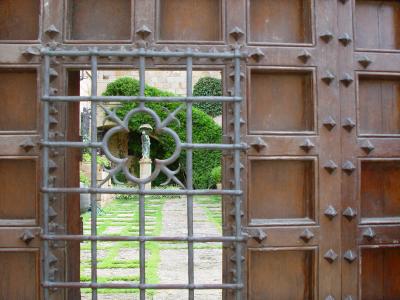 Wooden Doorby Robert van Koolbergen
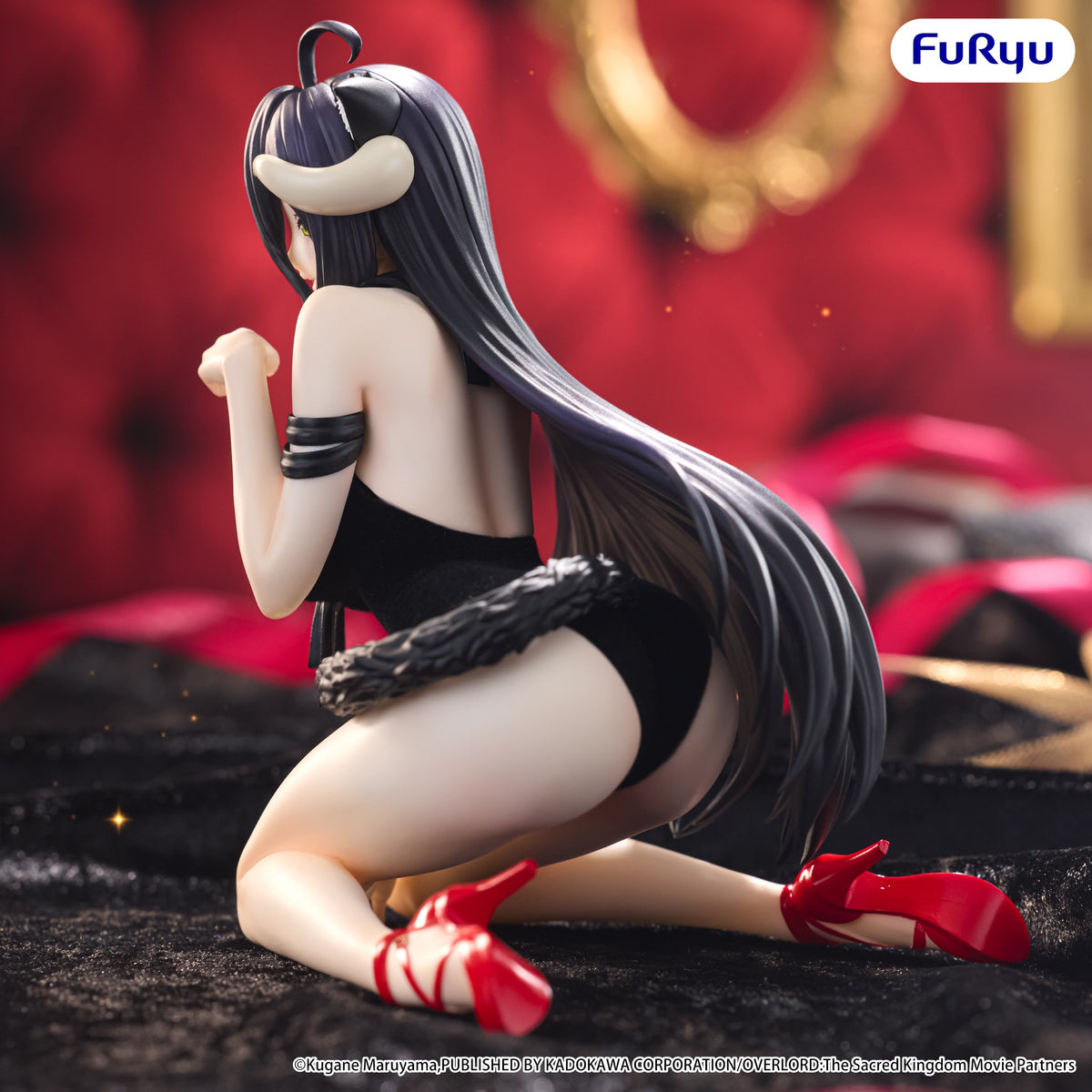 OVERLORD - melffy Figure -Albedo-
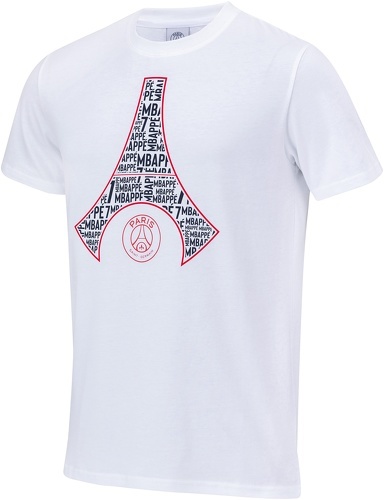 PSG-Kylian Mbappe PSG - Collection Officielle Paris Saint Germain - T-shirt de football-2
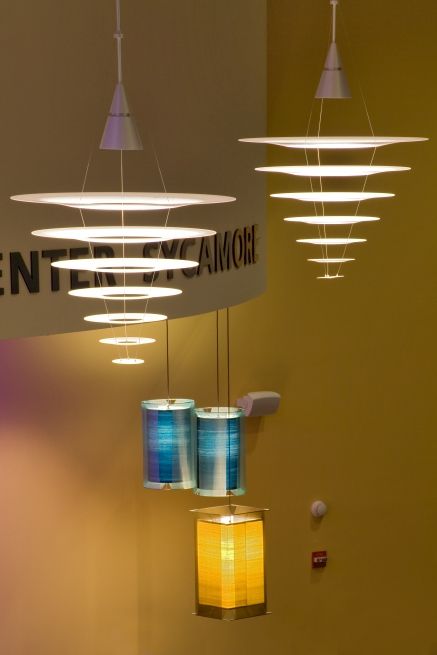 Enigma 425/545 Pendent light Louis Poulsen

*Work task:* Going from the line holding "PSG-Kylian Mbappe PSG" to the last line of the data above, reproduce every line exactly, both included, with the pictures omitted.

*Exercise result:*
 PSG-Kylian Mbappe PSG - Collection Officielle Paris Saint Germain - T-shirt de football-2
 Enigma 425/545 Pendent light Louis Poulsen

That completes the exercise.